Since the application is always running, this state can grow infinitely. A robust stream processor must:

  • Provide a fast key-value store for state access.
  • Persist state by periodically checkpointing it to durable storage (like HDFS or S3). This ensures that if the application crashes, it can restart and recover its state without losing data.

Use Cases for Stream Processing

  • Real-Time Analytics: Powering live dashboards that track business KPIs, user activity, or application performance.
  • Fraud and Anomaly Detection: Analyzing patterns in real-time to identify fraudulent transactions or security threats as they happen.
  • Alerting and Monitoring: Triggering alerts when system metrics (CPU, memory) cross a threshold or when application error rates spike.
  • IoT (Internet of Things): Processing data from thousands of sensors to monitor industrial equipment, manage smart homes, or track vehicle fleets.
  • Event-Driven Microservices: Enabling services to react to events from other services asynchronously.

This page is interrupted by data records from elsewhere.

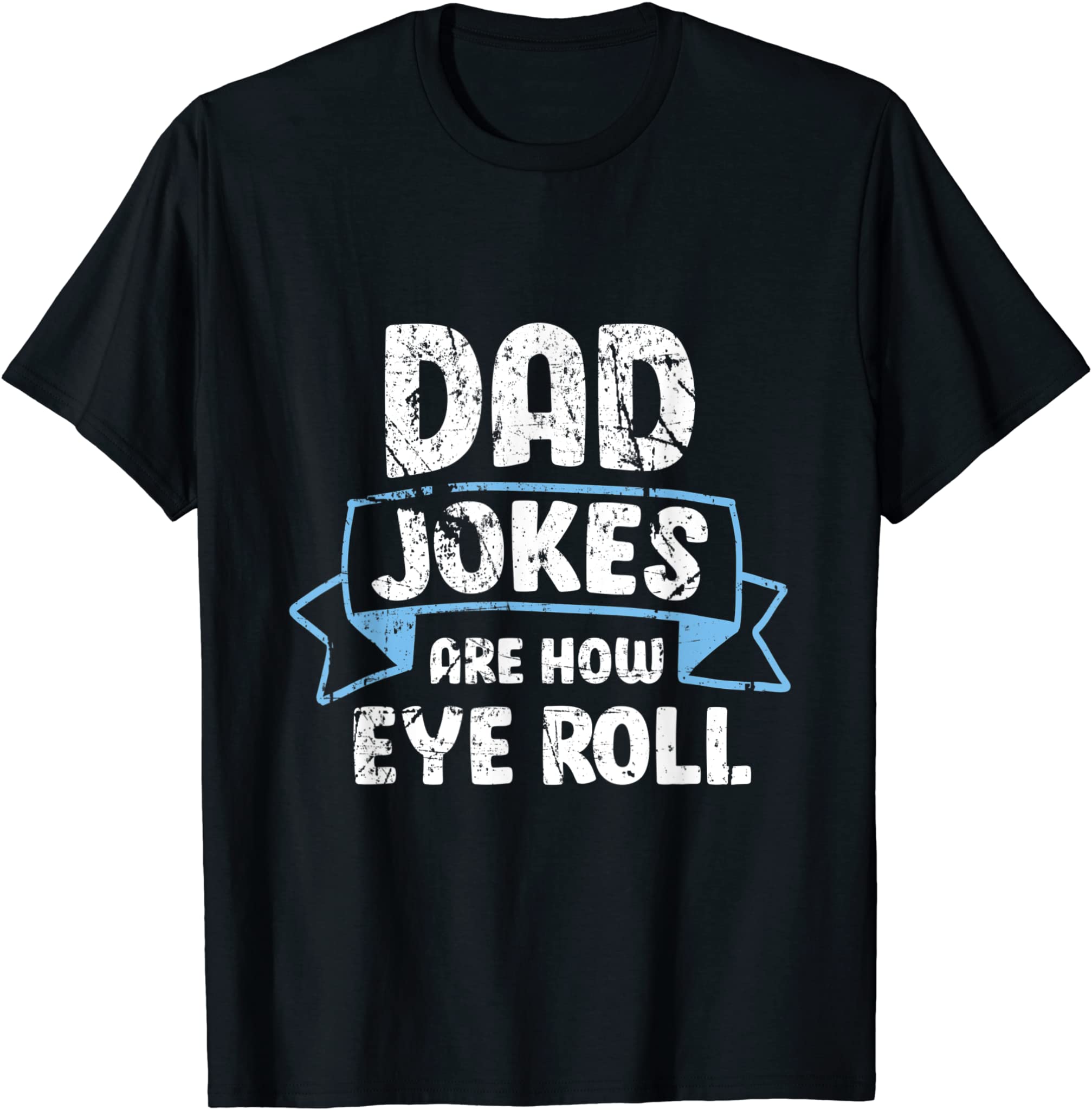 Dad Jokes Are How I Roll Funny Father Day Dads Joke T-Shirt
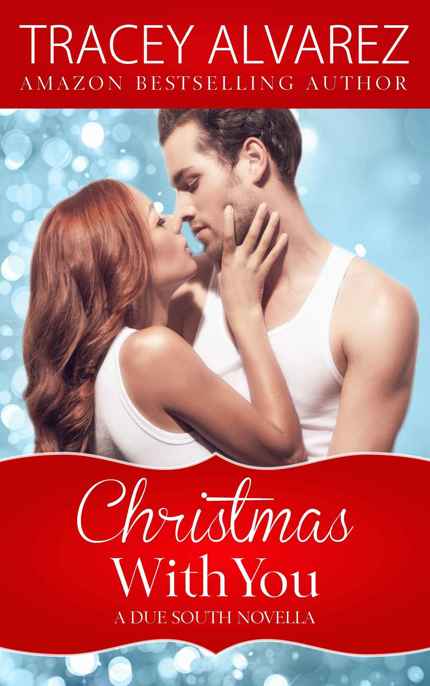 Christmas With You by Tracey Alvarez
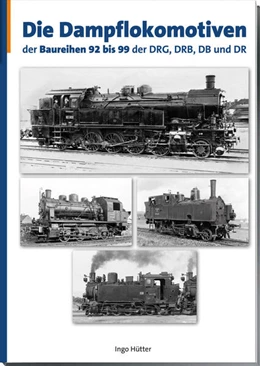 Abbildung von Hütter | Die Dampflokomotiven der Baureihen 92-99 der DRG, DRB, DB und DR | 1. Auflage | 2026 | beck-shop.de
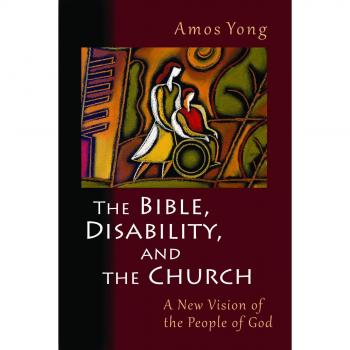 The Bible, Disability, and the Church: A New Vision of the People of God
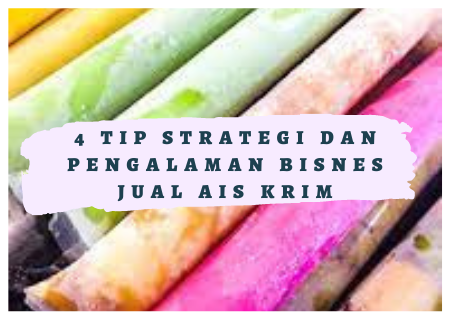 4 TIP STRATEGI DAN PENGALAMAN BISNES JUAL AIS KRIM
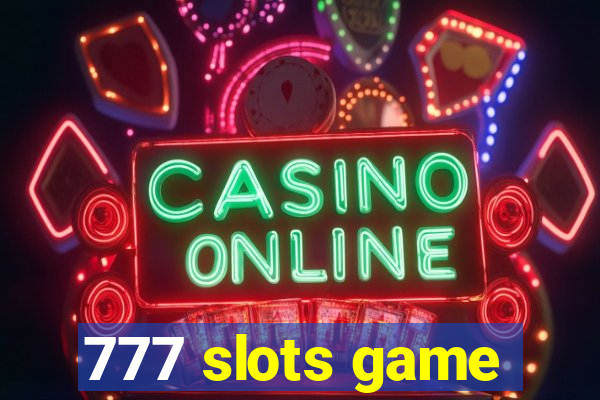 777 slots game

Go Example: A Simple Windowed Counter

This conceptual example in Go demonstrates the idea of a tumbling window. We'll process a stream of events and count them in 5-second windows.

package main

import (
	"fmt"
	"sync"
	"time"
)

// Event represents a single data record in our stream.
type Event struct {
	Data      string
	Timestamp time.Time
}

// WindowedCounter processes events and counts them in windows.
type WindowedCounter struct {
	windowSize time.Duration
	counts     map[time.Time]int
	mu         sync.Mutex
}

func NewWindowedCounter(windowSize time.Duration) *WindowedCounter {
	return &WindowedCounter{
		windowSize: windowSize,
		counts:     make(map[time.Time]int),
	}
}

// Process adds an event to the correct window.
func (wc *WindowedCounter) Process(event Event) {
	wc.mu.Lock()
	defer wc.mu.Unlock()

	// Truncate the event's timestamp to find the start of its window.
	windowStart := event.Timestamp.Truncate(wc.windowSize)
	wc.counts[windowStart]++

	fmt.Printf("Processed event. Window %s count is now %d\n", windowStart.Format("15:04:05"), wc.counts[windowStart])
}

func main() {
	eventStream := make(chan Event)
	counter := NewWindowedCounter(5 * time.Second)

	// Start a goroutine to process events from the stream
	go func() {
		for event := range eventStream {
			counter.Process(event)
		}
	}()

	// Simulate a stream of incoming events
	fmt.Println("Starting event stream...")
	for i := 0; i < 20; i++ {
		eventStream <- Event{Data: "click", Timestamp: time.Now()}
		time.Sleep(700 * time.Millisecond)
	}

	close(eventStream)
	fmt.Println("\n--- Final Counts ---")
	for window, count := range counter.counts {
		fmt.Printf("Window starting at %s: %d events\n", window.Format("15:04:05"), count)
	}
}

This code simulates a stream of "click" events. The WindowedCounter uses time.Truncate to determine which 5-second window each event belongs to and increments the appropriate counter. This is the fundamental logic behind a tumbling window.

Conclusion

Stream processing is a powerful paradigm for building systems that can derive insights and value from data in real-time. By understanding the core concepts of streams, windows, time, and state, you can design and build applications that are more responsive, intelligent, and resilient. It represents a shift from "what happened yesterday?" to "what is happening right now?"